Dem Nichtannahmebeschluss liegen im Wesentlichen folgende Erwägungen zu
Grunde:
Das Eigentumsgrundrecht ist nicht verletzt. Die angegriffenen
Vorschriften des Landespflegegesetzes bestimmen in zulässiger Weise
Inhalt und Schranken des Eigentums. Durch die öffentliche Förderung der
Investitionen werden die Pflegesätze von den Investitionskosten
entlastet. Dies führt dazu, dass auch Pflegebedürftige mit geringem
Einkommen eher in der Lage sind, die Pflegesätze aus dem eigenen
Einkommen zu bestreiten. Die Investitionskostenförderung trägt somit
zur Vermeidung von Sozialhilfeabhängigkeit und zur Verminderung von
Sozialhilfekosten bei. Hieran knüpft das Landespflegegesetz an. Durch
das Belegungsrecht des Staates wird gewährleistet, dass öffentlich
geförderte Pflegeheimplätze vorrangig sozial schwachen Landesbürgern
zugute kommen. Demgegenüber kommt dem Eigentumsgrundrecht der
Beschwerdeführerin ein geringeres Gewicht zu, zumal ihre
Eigentumsposition angesichts der staatlichen Investitionsförderung nur
zu einem geringen Teil auf eigene Leistungen zurückgeht.

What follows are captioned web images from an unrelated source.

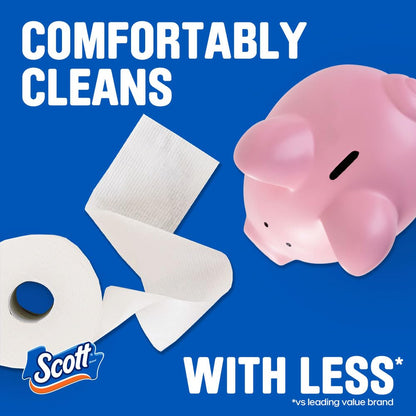Scott ComfortPlus Toilet Paper 12 Double Rolls – Septic Safe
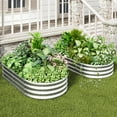 thumbnail image 4 of JF 2 Pcs Raised Garden Bed,Galvanized Raised 6×3×1ft Planter Boxes Outdoor with Easy Assembly, Large Garden Bed for Vegetables, Fruits, Flower, 4 of 6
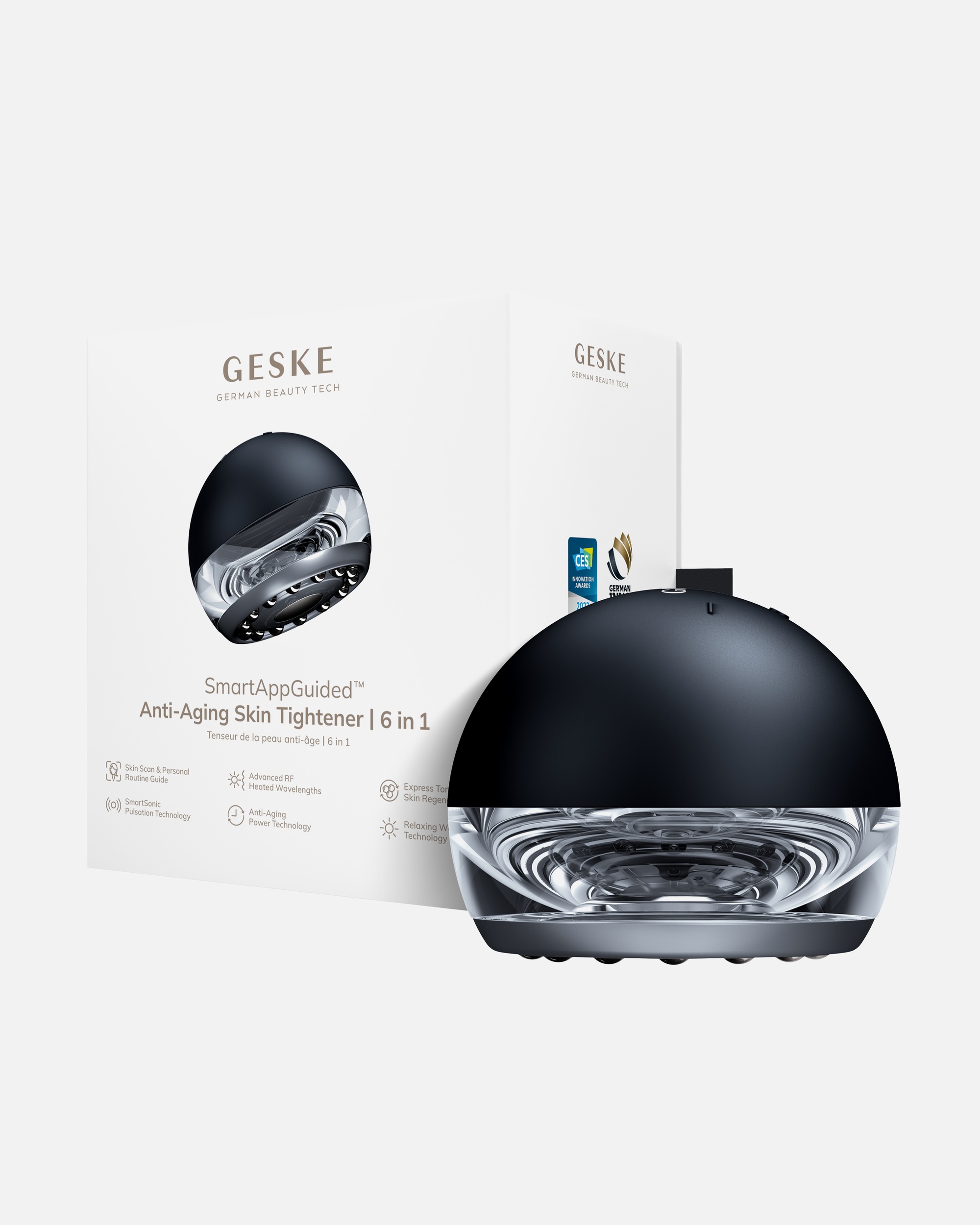 Multifunktionsgerät für Unisex GESKE GESKE Anti-Aging Skin Tightener | 6 in 1 Black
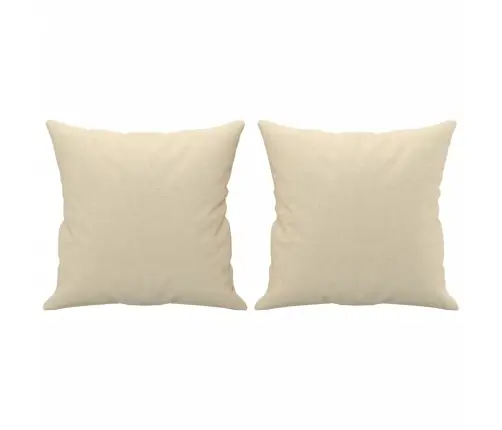 Sofos Komplektas Su Pagalvėmis, 4 Dalių, Kreminis, Audinys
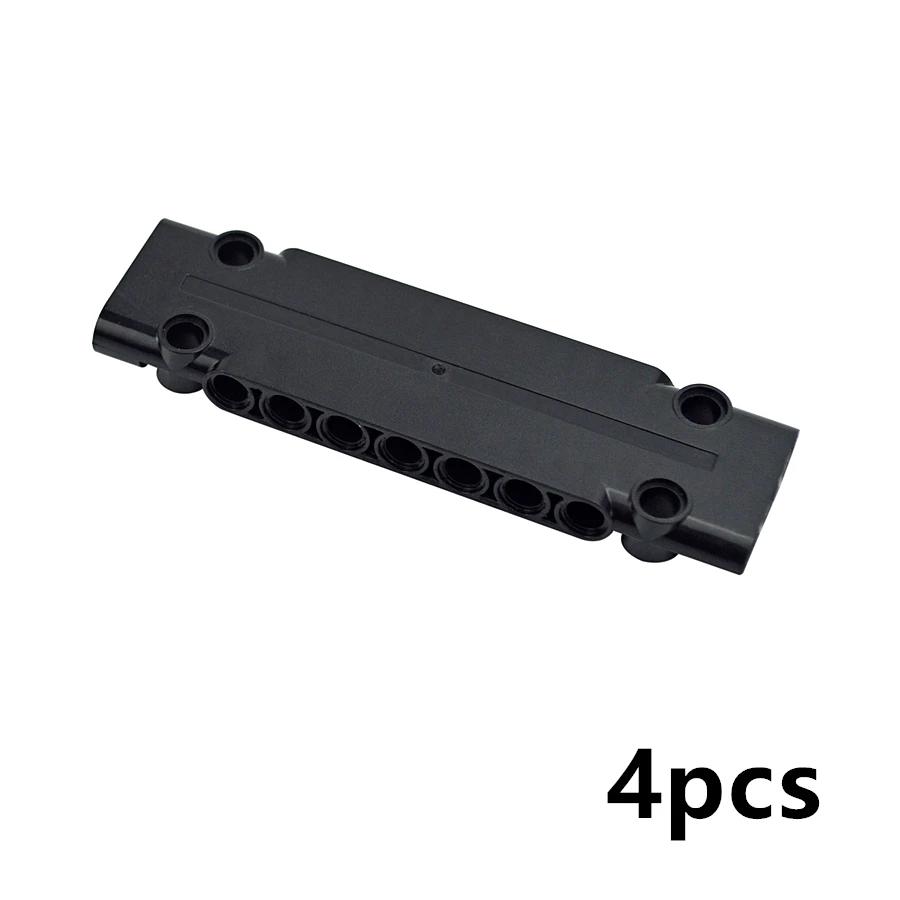 Technical Brick Bulk Modular Toy For MOC High-Tech 4Pcs Particles Panel Plate 5 x 11 x 1 Holes Constructing Blocks 64782 15458
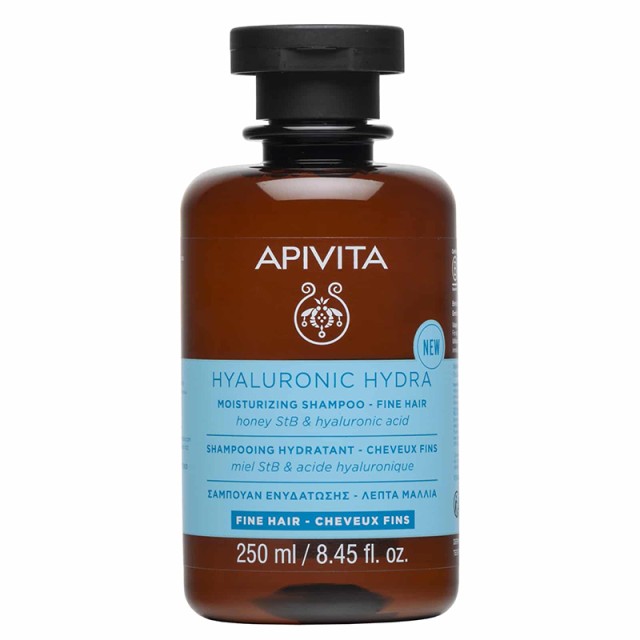 Apivita Hyaluronic Hydra Moisturizing Shampoo Fine Hair 250ml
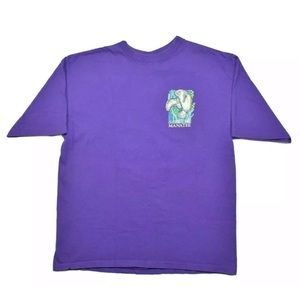 90s Purple WWF World Wildlife “Save The Manatee” L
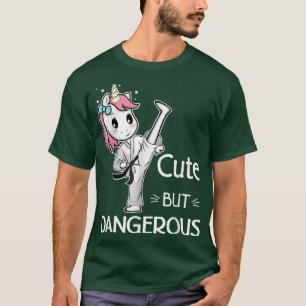 T-shirt Karate beau mais dangereux Taekwondo Unicorn Karat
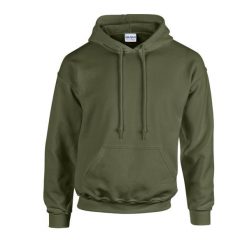 Bluza Z Kapturem Dla Dorosłych Unisex Heavy Blend. Zielone bluzy sportowe męskie GILDAN, m, bez wzorów, z kapturem. Za 92.99 zł.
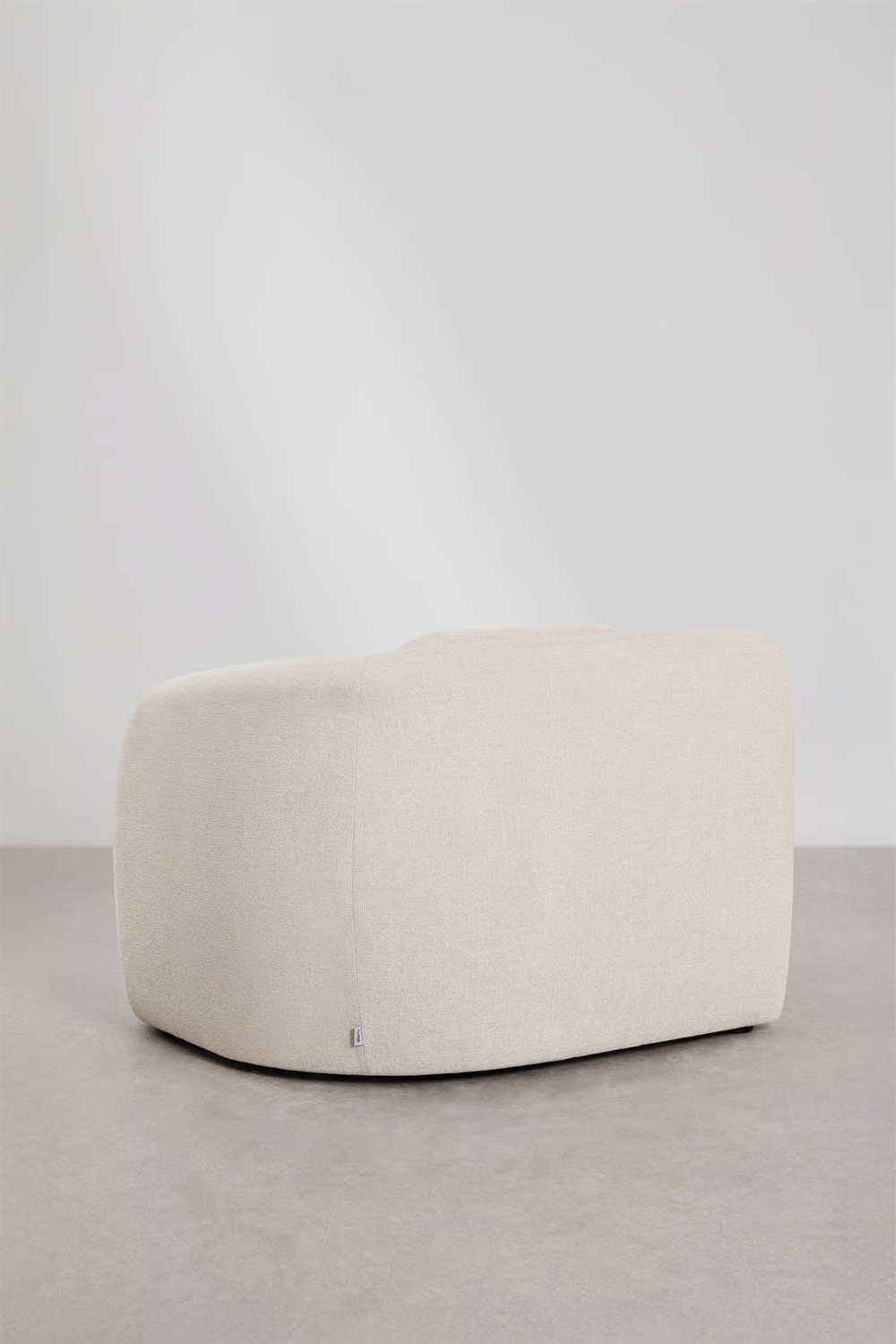 UV HOME Right corner module for modular sofa in chenille Coquette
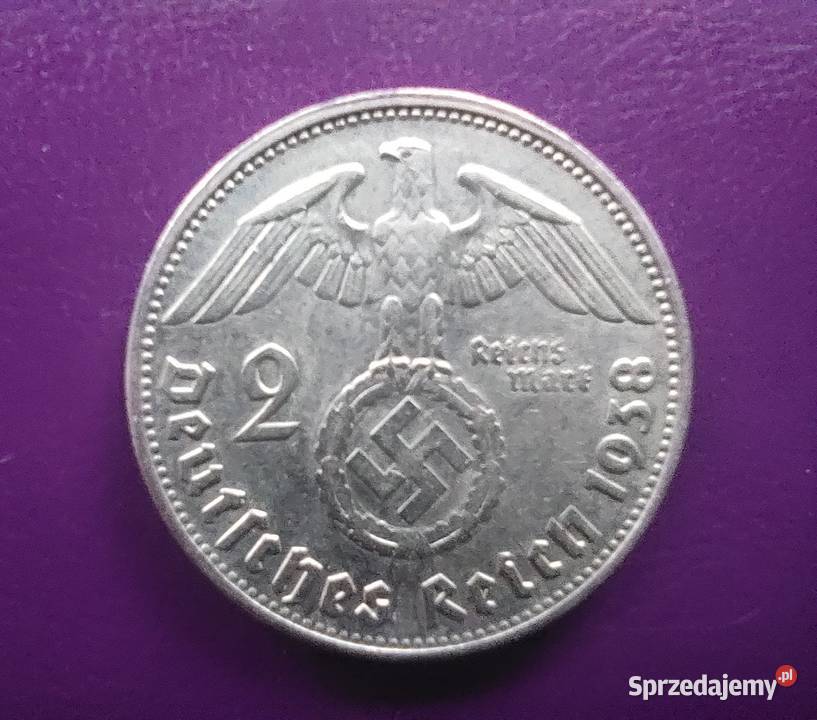 Moneta 2 MARKI 1938 B HITLEROWSKA III RZESZA mazowieckie Pruszków sprzedam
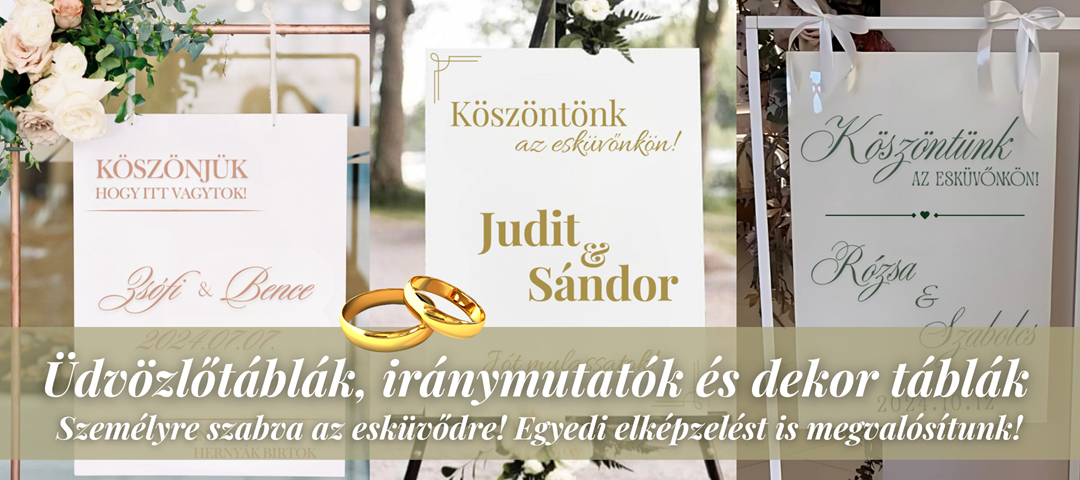 Esküvői tábla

Eine Verletzung der Berufsfreiheit liegt nicht vor. Der Eingriff in die
Berufsausübungsfreiheit der Beschwerdeführerin beruht – wie oben
dargelegt – auf vernünftigen Gemeinwohlerwägungen. Zudem ist zu
berücksichtigen, dass die Verdienstmöglichkeiten der Beschwerdeführerin
und ihre Wettbewerbschancen nicht gemindert werden, da ihr für die
bevorrechtigten Nutzer die gleichen Pflegesätze erstattet werden wie
für andere Nutzer. Auch ein Eingriff in die Wettbewerbsfreiheit der
Beschwerdeführerin ist nicht erkennbar. Die Belegungspflicht trifft die
Beschwerdeführerin ebenso wie die mit ihr in Konkurrenz stehenden
Träger entsprechender öffentlich geförderter freier
Pflegeeinrichtungen.
Auch das kirchliche Selbstbestimmungsrecht ist nicht verletzt. Die
angegriffenen Vorschriften sind durch überragende Gründe des
Gemeinwohls gerechtfertigt. Zwar legitimiert allein der Umstand der
finanziellen Förderung keinen Eingriff in das Selbstbestimmungsrecht
der Kirchen. Die staatliche Rechtsordnung gilt jedoch da
uneingeschränkt, wo sich die karitative Einrichtung – wie im
vorliegenden Fall – ungeachtet ihrer besonderen Zwecksetzung wie ein
anderes Subjekt am Rechtsverkehr beteiligt. Bei der vorzunehmenden
Abwägung ist davon auszugehen, dass die Sicherung der Versorgung mit
für den Pflegebedürftigen finanziell tragbaren Pflegeeinrichtungen im
Interesse des Gesamtwohls von allgemeiner und hoher Bedeutung ist und
ein wichtiges Anliegen des Gesetzgebers darstellt. Zudem besteht ein
legitimes sozialstaatliches Regelungsinteresse, die Stellung des
Sozialleistungsempfängers rechtlich abzusichern oder zu stärken. Auf
der anderen Seite ist zu berücksichtigen, dass der Staat mit den
Fördermitteln erst die finanziellen Grundlagen dafür geschaffen hat,
dass die kirchlichen Träger von Pflegeeinrichtungen in den neuen
Ländern Fuß fassen und Altenpflegeeinrichtungen neu errichten konnten.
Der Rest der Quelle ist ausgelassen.